Estevez: Yes, the Tusquets edition came out 13 years ago. Some time ago Alfredo Zalvidar wrote me kindly asking for permission to publish Los palacios distantes in the publishing house he directed, Ediciones Matanzas. I was very pleased. I told him yes, of course. I’m not one who is going to close doors on himself. I put him in contact with the rights office of Tusquests Editores, and that’s all I know. For the process on the Matanzas side you’ll have to ask Zalvidar.
14ymedio: Are you surprised that your book is being presented at an event where exiled writers are often excluded?
Estevez: Yes, a little surprised. Although Ediciones Matanzas has published José Kozer, Gastón Baquero… In any event, there is a lot in my country that doesn’t surprise me. Neither for the better nor the worse.
14ymedio: Laughter, dreams and hope slip into the life of Victorio, the protagonist of Los palacios… despite his living a reality that is falling to pieces, like his own house. How much of your own personal experience is in your story?
Estevez: Certainly there is a lot of my own experience such as, for example, Victorio’s homosexuality and the collapse of his house. However, I believe that it’s a mistake to confuse the character with the author. However much of me is in Victorio, it is also true that there are many other people and, as is natural, imagination. There is a moment in the novel, for example, when Victorio says he never knew love. A true friend, a night of confidences, said to me, “It has happened with me as with you.” “What happened to me?” I asked. Never having known love. I had to laugh. However confessional a novel may seem, it is no more than that, a novel.

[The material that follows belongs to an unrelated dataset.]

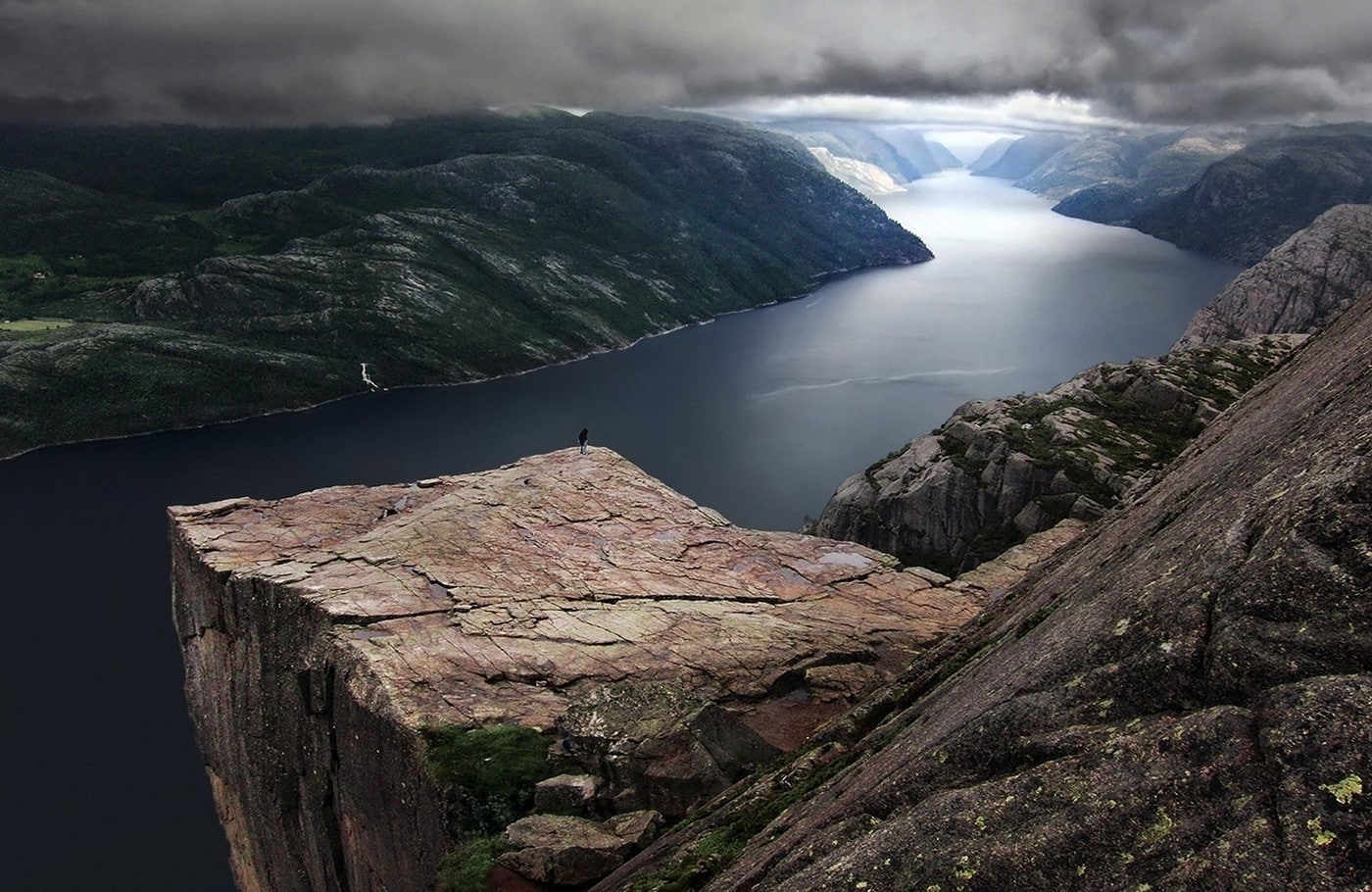 cloud - sky, environment, day, 720P, beauty in nature, mountain, outdoors, lake, nature, nature landscape preikestolen norway fjord mountain clouds rock, HD Wallpaper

14ymedio: How do you deal with distance when writing about a reality that you haven’t lived since two decades ago?
Estevez: I suppose this is difficult if you try to write precisely about a certain “reality.” I suppose it might have been difficult for Emile Zola or for Miguel de Carrion. But for me, I’m not interested in sociology disguised as fiction, something more than reality concerns me, isf we reduce the word to its sociopolitical connotations. I am not a “costumbrista” – a novelist of quaint manners. At least I don’t want to be one. And the world (and this is something that has to be discovered) is fortunately wide and strange, and the problems of human beings are alike and different in each place where one lives. The same distance as literary material. I don’t live this reality, but I live another that also wants to be narrated. Also, I always remember and quote that phrase of Nabokov’s in a wonderful interview, when he responded that everything he needed of Russia he carried with him.
14ymedio: What have you brought to your writing life in Barcelona? How much have you changed from the point of view of writing your experiences as an immigrant?
Estevez: Everything you experience brings something to literature if you are alert to it. Barcelona is a cultured and beautiful city. And I believe that the mere act of walking through the Gothic Quarter transforms the vision you might have about anything. With regards to exile, it seems to me an extraordinary experience, even if it is painful. When I was a child and they took me to church, I heard a prayer to the Virgin that at some point said something like, “To you we cry, the banished children of Eve.” And then I wondered, “Why banished? Banished from where?” I didn’t understand until much later, although my interpretation had nothing to do with religion, because I wasn’t religious. I remember a phrase of Elias Canetti: “Only in exile does one realize how much of the world has always been a world of outlaws.” It’s very good for a writer, this sensation of losing things, of knowing that you are not going to have them again.
14ymedio: Readers have followed and admired your work for years. Will we soon be able to enjoy a presentation of your novels where you will be physically present? Will you return to this Havana of “the distant palaces”?
Estevez: Thank you for the “followed and admired.” This question has no answer. I do not know. It does not matter to return or not return, because what I really want to return to is the good times that I lived. And that, to my knowledge, is impossible.